Bill containing Federal Budget measures passes House of Reps
  • The Treasury Laws Amendment (Tax Reform No 1) Bill 2026 has passed the House of Representatives and now sits with the Senate Economics Legislation Committee, due to report by 22 June 2026. Key measures: the 50% CGT discount is replaced from 1 July 2027 by cost base indexation plus a 30% minimum tax on capital gains (bringing post-1 July 2027 gains on pre-CGT assets to tax for the first time); negative gearing losses on residential property acquired from 7:30pm 12 May 2026 are quarantined from 1 July 2027, with new builds carved out; a $1,000 standard deduction for work-related expenses applies from 2026-27; and a non-refundable Working Australians Tax Offset (capped at $250) starts in 2027-28.
Maximum contribution base for 2026–27: $270,830

The ATO has updated its guidance on the maximum contribution base (last updated 3 June 2026). For 2026–27, the base is $270,830, up from $250,000 in 2025–26. This reflects the indexation of the general concessional contributions cap to $32,500. From 1 July 2026 the base is calculated as the concessional cap × 100 ÷ the SG charge percentage (12%), rounded down to the nearest $10. Once an employee’s qualifying earnings reach the base in a financial year, no further SG is payable on earnings above it (though award or enterprise agreement obligations may continue).

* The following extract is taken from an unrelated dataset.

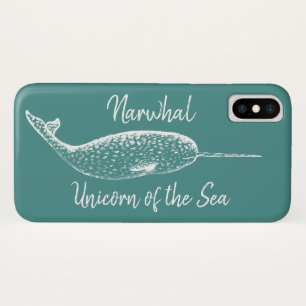 Narwhal Unicorn van het Zee Case-Mate iPhone Case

Note the updated guidance applies to earnings paid from 1 July 2026, aligning with the move to payday super; the quarterly SG rules continue to apply to earnings paid up to 30 June 2026.

Deadline for minimum pension drawdown

The ATO has reminded SMSF trustees to make minimum pension payments for the 2025–26 year by 30 June. The minimum is worked out by applying the member’s age-based percentage factor to their pension account balance at 1 July 2025, or on a pro-rata basis where the pension commenced part way through 2025–26. If the minimum isn’t paid in full by 30 June, the pension is generally treated as not having been payable for the year. This means the fund can lose exempt current pension income on the supporting assets.

Question of the week

In relation to revaluations for Div 296 and the adjusted cost base of assets at 30 June 2026, do the valuations need to be done by qualified valuers, or can we simply continue with our normal year-end valuation process?
 
The short answer is that you can largely keep doing what you are normally doing for year-end valuations. However, it should be done with greater care given the significance of the 30 June 2026 figures. For preparing the fund’s accounts and statements you are not required to obtain a valuation from a qualified independent valuer, and you do not need an independent property valuation every single year. However, the ATO recommends using a qualified independent valuer where the asset represents a significant proportion of the fund’s value, or where the nature of the asset makes the valuation likely to be complex. This carries particular weight for the 30 June 2026 reset, where the value permanently fixes the adjusted cost base for Div 296 purposes.
 
The property must still be valued at market value by the trustees in each income year, based on objective and supportable data arrived at through a fair and reasonable process. For real property, the ATO expects that valuation to draw on more than a single source for example comparable sales, an independent agent’s appraisal, the price of any recent arm’s length purchase, and any improvements made since the property was last valued. The same market-value standard applies when determining the value of assets supporting members’ retirement phase and accumulation accounts for the purpose of calculating their total superannuation balances as at 30 June.